• **AIM OF THE TASK**:
All lines from the start of the listing below through the line containing "Stargate Origins : Catherine" are to be written out again exactly, and no others.
----
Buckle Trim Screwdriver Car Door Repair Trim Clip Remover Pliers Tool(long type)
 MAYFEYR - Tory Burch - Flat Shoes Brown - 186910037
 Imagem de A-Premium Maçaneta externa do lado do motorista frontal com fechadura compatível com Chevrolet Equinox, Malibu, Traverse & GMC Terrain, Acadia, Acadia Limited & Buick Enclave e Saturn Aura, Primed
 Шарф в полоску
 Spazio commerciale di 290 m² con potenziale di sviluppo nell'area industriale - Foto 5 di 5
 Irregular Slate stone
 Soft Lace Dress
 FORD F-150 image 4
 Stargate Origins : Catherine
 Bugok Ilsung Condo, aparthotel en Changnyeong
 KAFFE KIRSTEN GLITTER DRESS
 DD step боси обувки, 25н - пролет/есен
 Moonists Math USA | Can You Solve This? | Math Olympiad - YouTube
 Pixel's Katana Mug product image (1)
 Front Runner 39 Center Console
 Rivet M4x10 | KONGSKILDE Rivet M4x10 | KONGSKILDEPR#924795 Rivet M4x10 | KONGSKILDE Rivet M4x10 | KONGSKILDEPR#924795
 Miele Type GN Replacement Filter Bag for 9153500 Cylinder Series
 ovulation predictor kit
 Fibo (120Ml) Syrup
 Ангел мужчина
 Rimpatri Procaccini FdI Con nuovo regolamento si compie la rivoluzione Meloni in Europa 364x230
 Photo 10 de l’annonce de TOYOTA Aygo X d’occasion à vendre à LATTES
----
• **ANSWER TO THIS PROBLEM**:
Buckle Trim Screwdriver Car Door Repair Trim Clip Remover Pliers Tool(long type)
 MAYFEYR - Tory Burch - Flat Shoes Brown - 186910037
 Imagem de A-Premium Maçaneta externa do lado do motorista frontal com fechadura compatível com Chevrolet Equinox, Malibu, Traverse & GMC Terrain, Acadia, Acadia Limited & Buick Enclave e Saturn Aura, Primed
 Шарф в полоску
 Spazio commerciale di 290 m² con potenziale di sviluppo nell'area industriale - Foto 5 di 5
 Irregular Slate stone
 Soft Lace Dress
 FORD F-150 image 4
 Stargate Origins : Catherine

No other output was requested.